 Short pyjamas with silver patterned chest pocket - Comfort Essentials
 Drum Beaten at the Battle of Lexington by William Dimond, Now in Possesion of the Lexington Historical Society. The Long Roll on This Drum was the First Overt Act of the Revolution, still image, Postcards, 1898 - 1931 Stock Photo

________

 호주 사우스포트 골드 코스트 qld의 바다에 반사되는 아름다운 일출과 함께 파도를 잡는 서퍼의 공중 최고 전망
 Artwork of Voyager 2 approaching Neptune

________

Output the lines of the records above exactly as they appear, from the line containing "Short pyjamas with" through the line containing "Drum Beaten at".

• ANSWER TO THIS TASK:
 Short pyjamas with silver patterned chest pocket - Comfort Essentials
 Drum Beaten at the Battle of Lexington by William Dimond, Now in Possesion of the Lexington Historical Society. The Long Roll on This Drum was the First Overt Act of the Revolution, still image, Postcards, 1898 - 1931 Stock Photo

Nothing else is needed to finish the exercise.